Directions for this task: Each entry must be returned exactly. None may be omitted.

___ Material for this exercise ___

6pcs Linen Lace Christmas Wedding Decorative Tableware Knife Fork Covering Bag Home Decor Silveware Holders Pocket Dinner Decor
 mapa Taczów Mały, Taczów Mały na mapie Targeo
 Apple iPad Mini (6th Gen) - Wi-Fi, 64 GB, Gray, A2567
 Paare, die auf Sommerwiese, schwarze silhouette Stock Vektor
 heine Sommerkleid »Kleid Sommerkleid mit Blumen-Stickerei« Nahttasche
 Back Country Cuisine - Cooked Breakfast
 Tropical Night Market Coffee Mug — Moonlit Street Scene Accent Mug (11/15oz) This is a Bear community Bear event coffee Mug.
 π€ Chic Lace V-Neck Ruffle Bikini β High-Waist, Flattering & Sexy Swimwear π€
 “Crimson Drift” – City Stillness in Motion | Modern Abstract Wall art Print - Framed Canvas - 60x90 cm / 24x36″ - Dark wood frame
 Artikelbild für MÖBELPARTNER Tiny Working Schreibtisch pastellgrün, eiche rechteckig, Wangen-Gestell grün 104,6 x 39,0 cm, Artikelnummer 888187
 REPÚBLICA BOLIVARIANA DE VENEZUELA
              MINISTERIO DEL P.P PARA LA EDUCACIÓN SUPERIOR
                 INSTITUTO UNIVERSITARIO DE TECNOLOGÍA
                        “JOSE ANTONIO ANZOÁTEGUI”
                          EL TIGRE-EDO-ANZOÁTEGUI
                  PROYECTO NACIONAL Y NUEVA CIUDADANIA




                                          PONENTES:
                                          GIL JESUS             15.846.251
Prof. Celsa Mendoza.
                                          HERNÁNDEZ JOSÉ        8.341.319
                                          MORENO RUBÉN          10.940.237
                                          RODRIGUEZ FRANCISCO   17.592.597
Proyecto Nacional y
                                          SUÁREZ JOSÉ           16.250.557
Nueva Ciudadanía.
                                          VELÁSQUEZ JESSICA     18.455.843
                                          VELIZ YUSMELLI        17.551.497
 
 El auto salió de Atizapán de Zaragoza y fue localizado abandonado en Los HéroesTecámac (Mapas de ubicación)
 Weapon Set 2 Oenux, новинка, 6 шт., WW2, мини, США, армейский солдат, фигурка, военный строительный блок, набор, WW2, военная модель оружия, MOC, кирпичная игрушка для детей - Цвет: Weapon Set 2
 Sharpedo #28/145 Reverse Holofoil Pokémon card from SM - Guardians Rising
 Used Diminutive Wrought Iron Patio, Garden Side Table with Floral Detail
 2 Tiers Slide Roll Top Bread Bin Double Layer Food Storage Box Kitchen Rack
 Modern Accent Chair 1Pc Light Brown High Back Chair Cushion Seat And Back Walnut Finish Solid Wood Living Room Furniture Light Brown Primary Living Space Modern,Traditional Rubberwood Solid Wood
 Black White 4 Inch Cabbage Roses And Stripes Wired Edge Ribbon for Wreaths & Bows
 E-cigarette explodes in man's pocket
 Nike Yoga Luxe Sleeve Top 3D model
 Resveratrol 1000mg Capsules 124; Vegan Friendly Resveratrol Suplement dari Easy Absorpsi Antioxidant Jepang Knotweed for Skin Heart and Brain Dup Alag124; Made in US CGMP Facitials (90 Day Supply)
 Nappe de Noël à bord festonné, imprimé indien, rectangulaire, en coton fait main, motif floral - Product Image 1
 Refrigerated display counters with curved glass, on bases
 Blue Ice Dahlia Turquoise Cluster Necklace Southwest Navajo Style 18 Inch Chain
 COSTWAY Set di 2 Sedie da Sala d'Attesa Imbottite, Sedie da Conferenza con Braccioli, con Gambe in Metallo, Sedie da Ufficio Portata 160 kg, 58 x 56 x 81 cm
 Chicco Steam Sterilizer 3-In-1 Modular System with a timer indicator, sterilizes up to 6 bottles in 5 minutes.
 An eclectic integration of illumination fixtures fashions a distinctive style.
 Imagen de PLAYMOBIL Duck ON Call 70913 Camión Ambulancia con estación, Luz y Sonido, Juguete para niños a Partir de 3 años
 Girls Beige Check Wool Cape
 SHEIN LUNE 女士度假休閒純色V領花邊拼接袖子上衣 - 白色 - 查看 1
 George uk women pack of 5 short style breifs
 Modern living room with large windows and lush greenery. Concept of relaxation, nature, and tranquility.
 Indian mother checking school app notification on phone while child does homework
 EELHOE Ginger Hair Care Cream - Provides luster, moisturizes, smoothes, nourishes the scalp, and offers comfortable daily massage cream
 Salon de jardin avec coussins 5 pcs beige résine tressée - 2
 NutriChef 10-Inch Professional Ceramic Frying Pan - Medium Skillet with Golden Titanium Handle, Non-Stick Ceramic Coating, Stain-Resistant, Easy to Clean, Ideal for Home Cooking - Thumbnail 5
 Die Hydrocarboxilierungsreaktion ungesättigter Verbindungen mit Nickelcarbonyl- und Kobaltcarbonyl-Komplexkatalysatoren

___

Task response:
6pcs Linen Lace Christmas Wedding Decorative Tableware Knife Fork Covering Bag Home Decor Silveware Holders Pocket Dinner Decor
 mapa Taczów Mały, Taczów Mały na mapie Targeo
 Apple iPad Mini (6th Gen) - Wi-Fi, 64 GB, Gray, A2567
 Paare, die auf Sommerwiese, schwarze silhouette Stock Vektor
 heine Sommerkleid »Kleid Sommerkleid mit Blumen-Stickerei« Nahttasche
 Back Country Cuisine - Cooked Breakfast
 Tropical Night Market Coffee Mug — Moonlit Street Scene Accent Mug (11/15oz) This is a Bear community Bear event coffee Mug.
 π€ Chic Lace V-Neck Ruffle Bikini β High-Waist, Flattering & Sexy Swimwear π€
 “Crimson Drift” – City Stillness in Motion | Modern Abstract Wall art Print - Framed Canvas - 60x90 cm / 24x36″ - Dark wood frame
 Artikelbild für MÖBELPARTNER Tiny Working Schreibtisch pastellgrün, eiche rechteckig, Wangen-Gestell grün 104,6 x 39,0 cm, Artikelnummer 888187
 REPÚBLICA BOLIVARIANA DE VENEZUELA
              MINISTERIO DEL P.P PARA LA EDUCACIÓN SUPERIOR
                 INSTITUTO UNIVERSITARIO DE TECNOLOGÍA
                        “JOSE ANTONIO ANZOÁTEGUI”
                          EL TIGRE-EDO-ANZOÁTEGUI
                  PROYECTO NACIONAL Y NUEVA CIUDADANIA




                                          PONENTES:
                                          GIL JESUS             15.846.251
Prof. Celsa Mendoza.
                                          HERNÁNDEZ JOSÉ        8.341.319
                                          MORENO RUBÉN          10.940.237
                                          RODRIGUEZ FRANCISCO   17.592.597
Proyecto Nacional y
                                          SUÁREZ JOSÉ           16.250.557
Nueva Ciudadanía.
                                          VELÁSQUEZ JESSICA     18.455.843
                                          VELIZ YUSMELLI        17.551.497
 
 El auto salió de Atizapán de Zaragoza y fue localizado abandonado en Los HéroesTecámac (Mapas de ubicación)
 Weapon Set 2 Oenux, новинка, 6 шт., WW2, мини, США, армейский солдат, фигурка, военный строительный блок, набор, WW2, военная модель оружия, MOC, кирпичная игрушка для детей - Цвет: Weapon Set 2
 Sharpedo #28/145 Reverse Holofoil Pokémon card from SM - Guardians Rising
 Used Diminutive Wrought Iron Patio, Garden Side Table with Floral Detail
 2 Tiers Slide Roll Top Bread Bin Double Layer Food Storage Box Kitchen Rack
 Modern Accent Chair 1Pc Light Brown High Back Chair Cushion Seat And Back Walnut Finish Solid Wood Living Room Furniture Light Brown Primary Living Space Modern,Traditional Rubberwood Solid Wood
 Black White 4 Inch Cabbage Roses And Stripes Wired Edge Ribbon for Wreaths & Bows
 E-cigarette explodes in man's pocket
 Nike Yoga Luxe Sleeve Top 3D model
 Resveratrol 1000mg Capsules 124; Vegan Friendly Resveratrol Suplement dari Easy Absorpsi Antioxidant Jepang Knotweed for Skin Heart and Brain Dup Alag124; Made in US CGMP Facitials (90 Day Supply)
 Nappe de Noël à bord festonné, imprimé indien, rectangulaire, en coton fait main, motif floral - Product Image 1
 Refrigerated display counters with curved glass, on bases
 Blue Ice Dahlia Turquoise Cluster Necklace Southwest Navajo Style 18 Inch Chain
 COSTWAY Set di 2 Sedie da Sala d'Attesa Imbottite, Sedie da Conferenza con Braccioli, con Gambe in Metallo, Sedie da Ufficio Portata 160 kg, 58 x 56 x 81 cm
 Chicco Steam Sterilizer 3-In-1 Modular System with a timer indicator, sterilizes up to 6 bottles in 5 minutes.
 An eclectic integration of illumination fixtures fashions a distinctive style.
 Imagen de PLAYMOBIL Duck ON Call 70913 Camión Ambulancia con estación, Luz y Sonido, Juguete para niños a Partir de 3 años
 Girls Beige Check Wool Cape
 SHEIN LUNE 女士度假休閒純色V領花邊拼接袖子上衣 - 白色 - 查看 1
 George uk women pack of 5 short style breifs
 Modern living room with large windows and lush greenery. Concept of relaxation, nature, and tranquility.
 Indian mother checking school app notification on phone while child does homework
 EELHOE Ginger Hair Care Cream - Provides luster, moisturizes, smoothes, nourishes the scalp, and offers comfortable daily massage cream
 Salon de jardin avec coussins 5 pcs beige résine tressée - 2
 NutriChef 10-Inch Professional Ceramic Frying Pan - Medium Skillet with Golden Titanium Handle, Non-Stick Ceramic Coating, Stain-Resistant, Easy to Clean, Ideal for Home Cooking - Thumbnail 5
 Die Hydrocarboxilierungsreaktion ungesättigter Verbindungen mit Nickelcarbonyl- und Kobaltcarbonyl-Komplexkatalysatoren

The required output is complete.